姚家村距離鎮上,乘馬車要走半個時辰左右,因為這個鎮子靠近碼頭,所以雖然不是縣城,商業卻也算繁榮,牛二花了三文錢,將車子寄存在鎮上的車馬行,一行人先去了街尾,那對賣餛飩的老夫夫果然還在。
姚亦昕興高采烈地招呼眾人找了張桌子坐下來,一行四個人,恰好占了人家一張方桌。
“老板,要四碗餛飩,外加八個芝麻餅,兩碟蒸肉。”
“哎呀!這不是姚家少爺嗎?餛飩還是不加蔥花加辣油?”
“嗯!辣油要兩勺!”
作者有話要說: 關于國師一家的輩分問題,在這里解釋一下:
小皇帝的娘親是先皇,爹爹是國師的表弟,因為是嫁入皇室,按照嫁入一方排輩分的話,所以小皇帝叫國師表舅,這個沒毛病,我們這邊都是這么排輩分的,小皇帝男扮女裝,后面會有他和小皇夫的番外。(所以,你們猜皇夫和小皇帝誰是攻?)
按照輩分的話,小皇帝叫國師的兩位爹爹應該叫舅公,我們這里是這么叫的,不知道別的地方怎么叫,好像有的地方也叫舅姥爺,原諒我沒有用這個,因為總是跳戲到七舅姥爺o(╥﹏╥)o
感謝指出這一點的寶寶,一開始沒想到各地稱呼可能會不一樣,我不會畫圖,手殘,只能在這里文字解釋一下咯,謝謝大家!
第8章 和離第8天
熟悉的鄉音,熟悉的嘈雜街市,熟悉的農家手工辣椒油的香味,吃完一大碗加了辣油的餛飩,姚亦昕終于覺得自己真的是腳踏實地地回到了他在這個時空的故鄉!
鎮子喚作清江鎮,靠近清江,有一個不大不小的碼頭,可供沿途船只停歇補給,這個時辰正是碼頭上人的時候,碼頭那邊的早餐點人特別多,本地人都習慣避開這個高峰期,買早點的都自覺跑到街尾這邊來,這邊還有條小巷子是給鄉下來的菜農擺攤用的,鎮上的居民買完早點,順路還能帶點新鮮的蔬菜雞鴨回去。

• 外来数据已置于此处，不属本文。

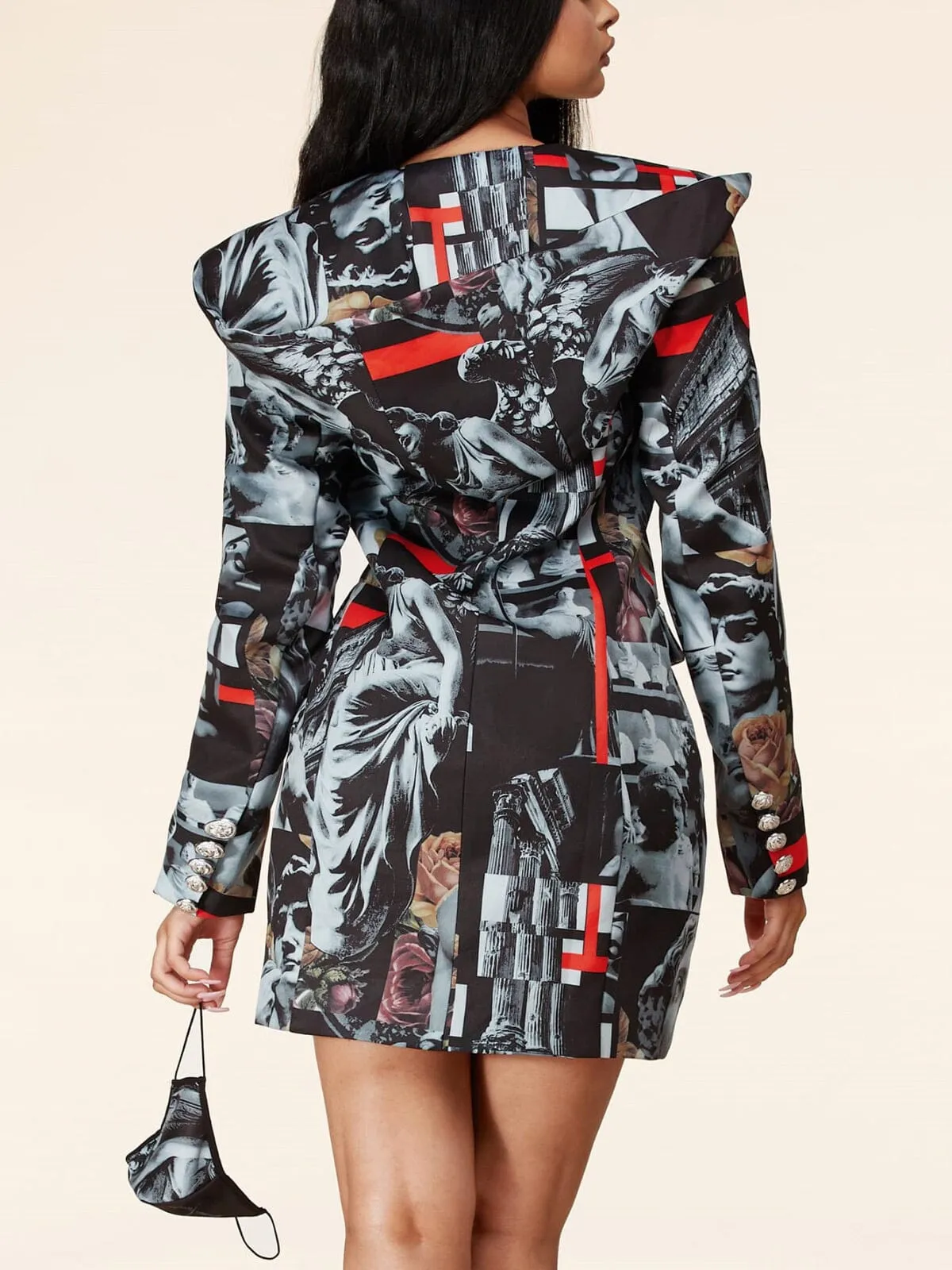 WOMEN'S LONG SLEEVE BUTTON UP ARTWORK PRINT HOODED MINI DRESS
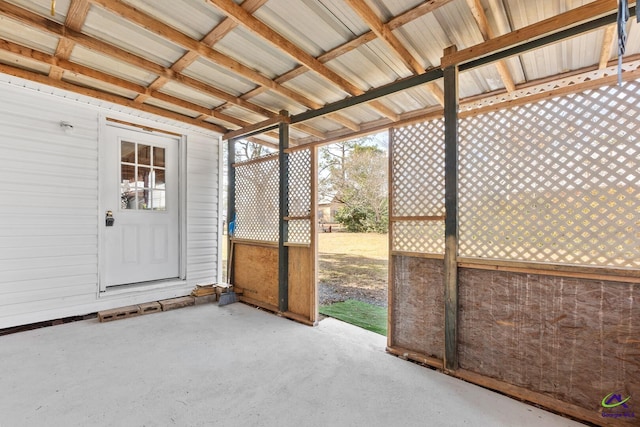 view of unfurnished sunroom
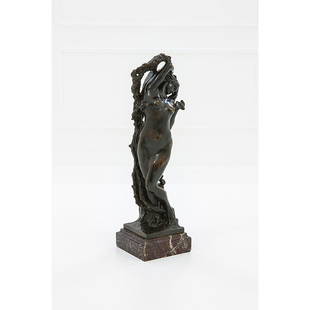 Leonardo Bistolfi: Il profumo Scultura in bronzo su base in marmo cm 48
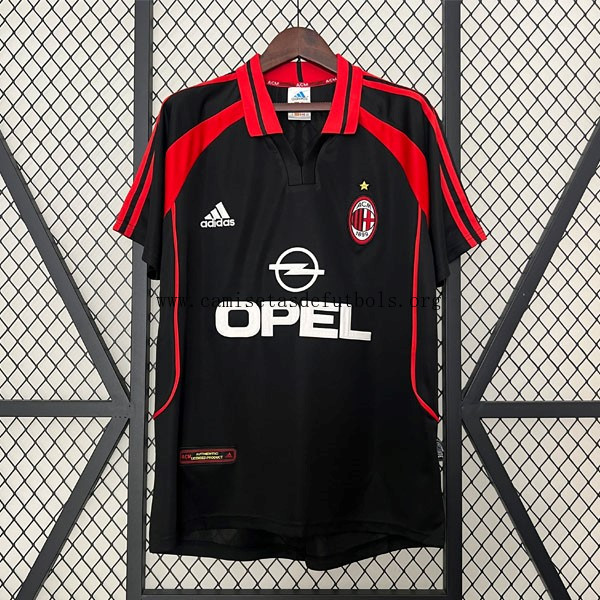 Camiseta AC Milan Replica Tercera Ropa Retro 2000 2001 Saldo estupendo de la temporada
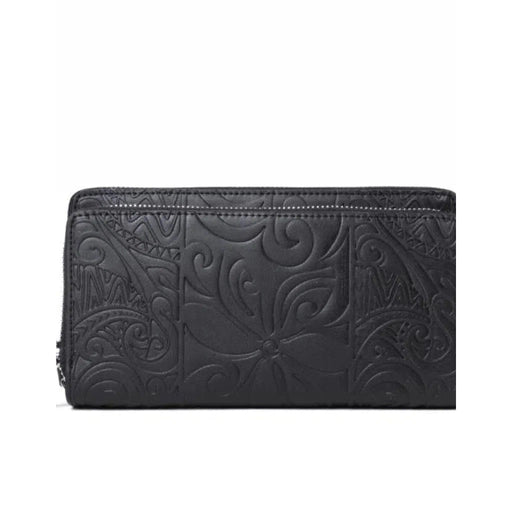 Happy Wahine Allison Wallet, Tapa Embossed Black - Wallet - Leilanis Attic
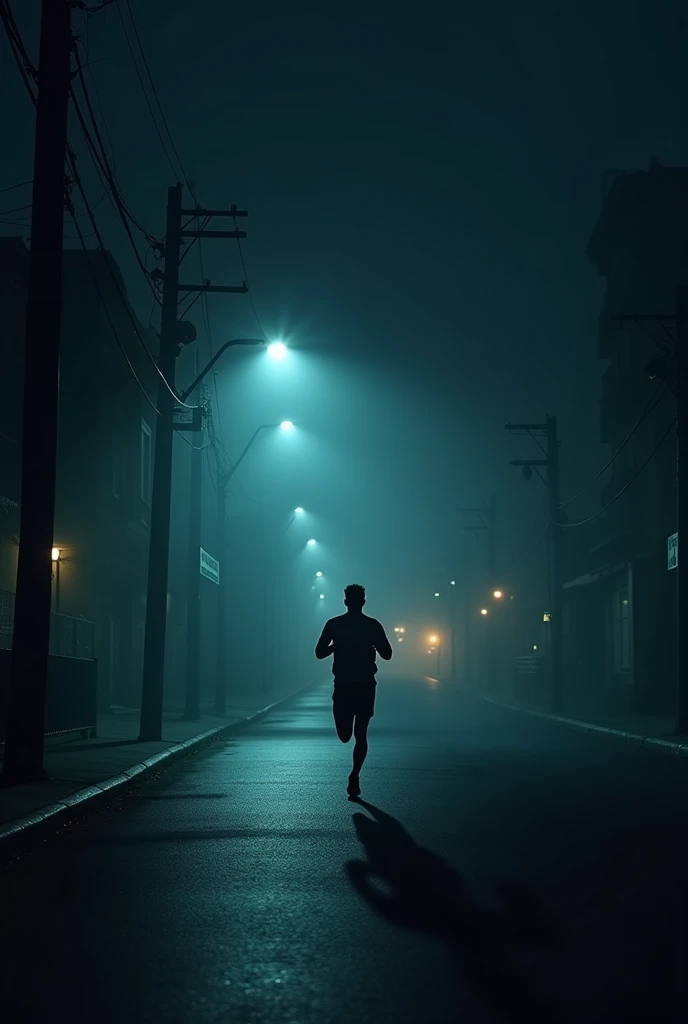 A person exercising on a dark street, with little streetlights 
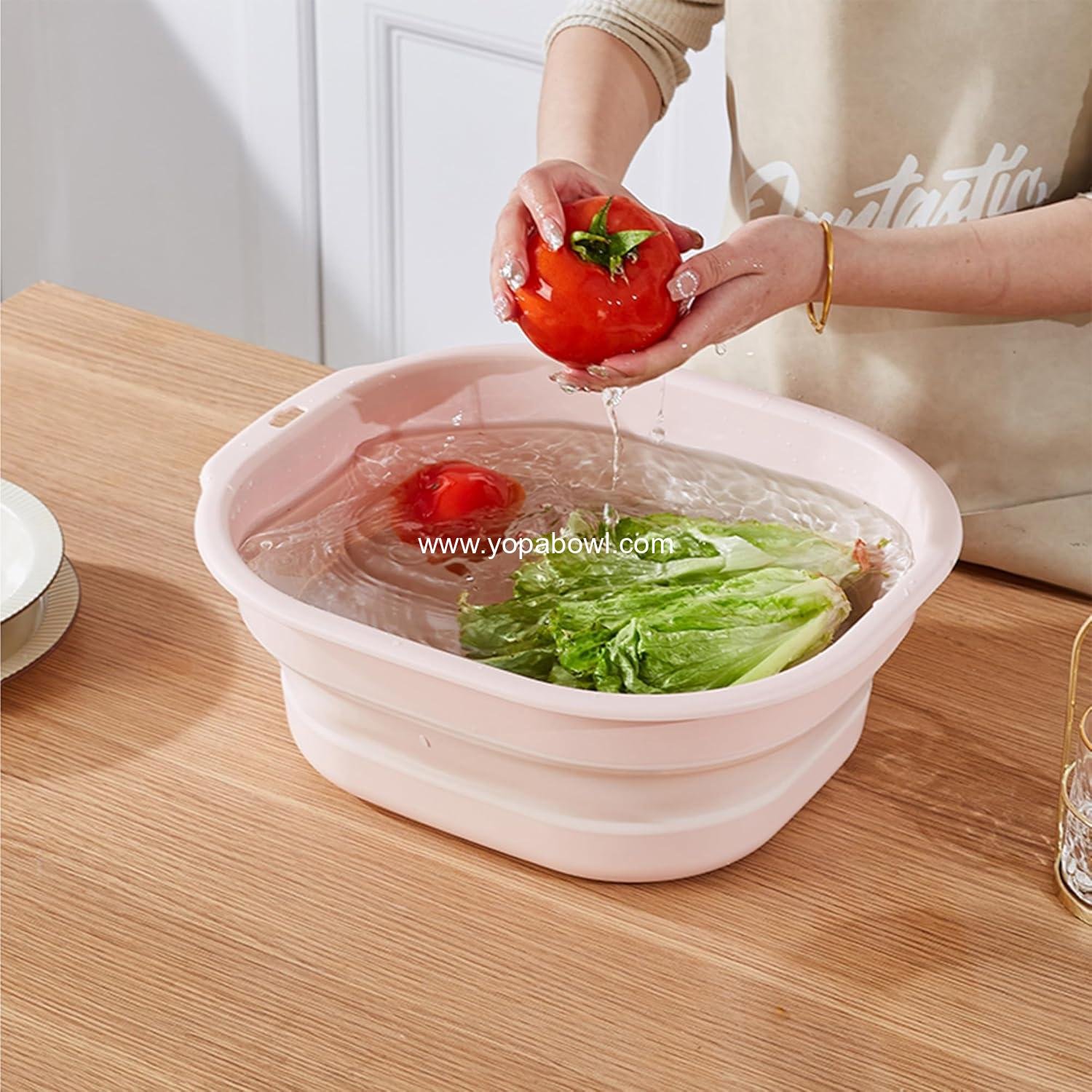 Wholesale Collapsible Wash Basin Set of 2, Foldable Small Medium Size for Laundry, Bottles, Travel, Camping - Pink Factory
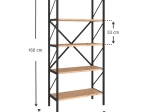 ΒΙΒΛΙΟΘΗΚΗ JOCASTA MEGAPAP ΜΕΤΑΛΛΙΚΗ - ΜΕΛΑΜΙΝΗΣ ΧΡΩΜΑ PINE OAK 66X34X160ΕΚ.
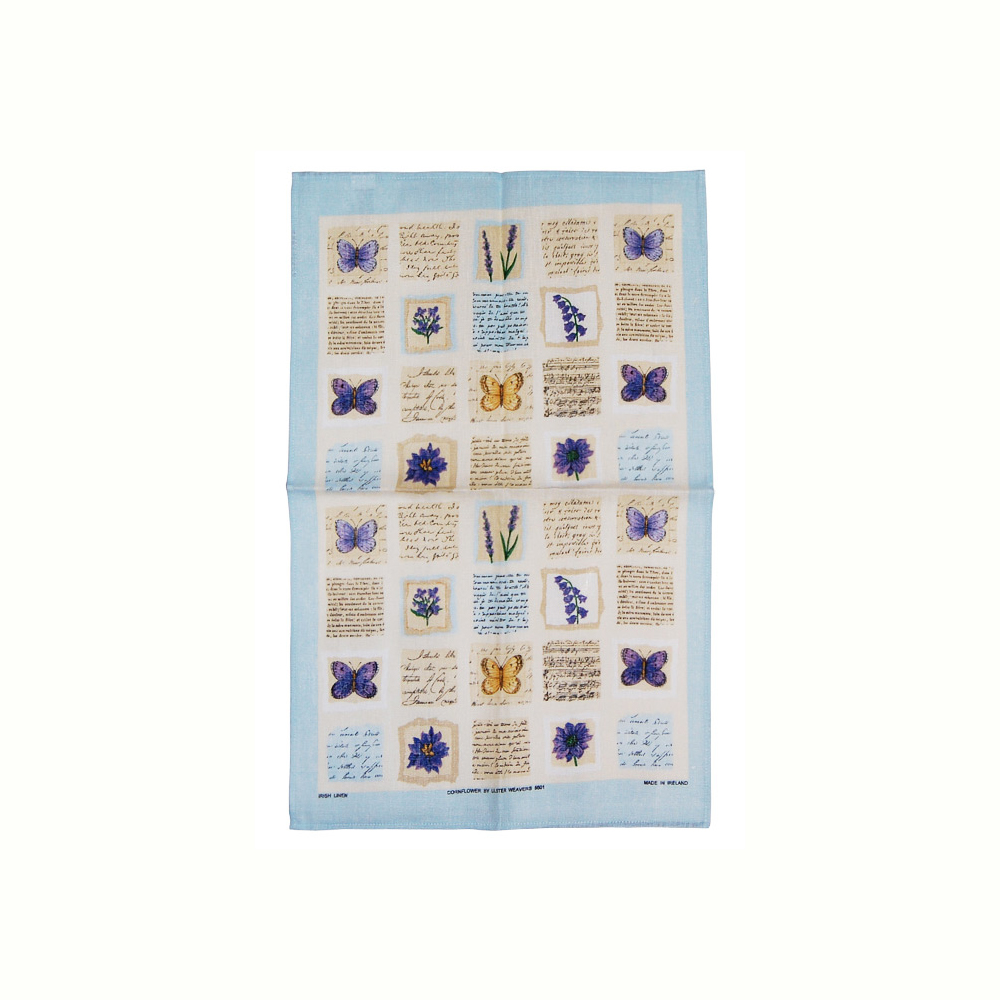 Cornflower & Butterfly, Linen Tea Towel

吃完早飯,花娘子和他們分開了,說要去采買些東西,讓他們走的時候,順路去鎮口的雜貨鋪子接她。
姚亦昕則帶著毛毛和牛二叔,按照他昨晚寫的采購清單,一家一家的開始買東西。
家里的米面雜糧,還有黃阿婆要的黃米和粗糧先買好,然后拿著家里的戶籍本做憑證去買鹽,得知每個人每月最多只能買三斤粗鹽之后,姚亦昕忍不住在心里詛咒了一下他那個陰險毒辣的前夫,這樣一來,他們家三口人,豈不是每個月都要跑來買一次鹽了?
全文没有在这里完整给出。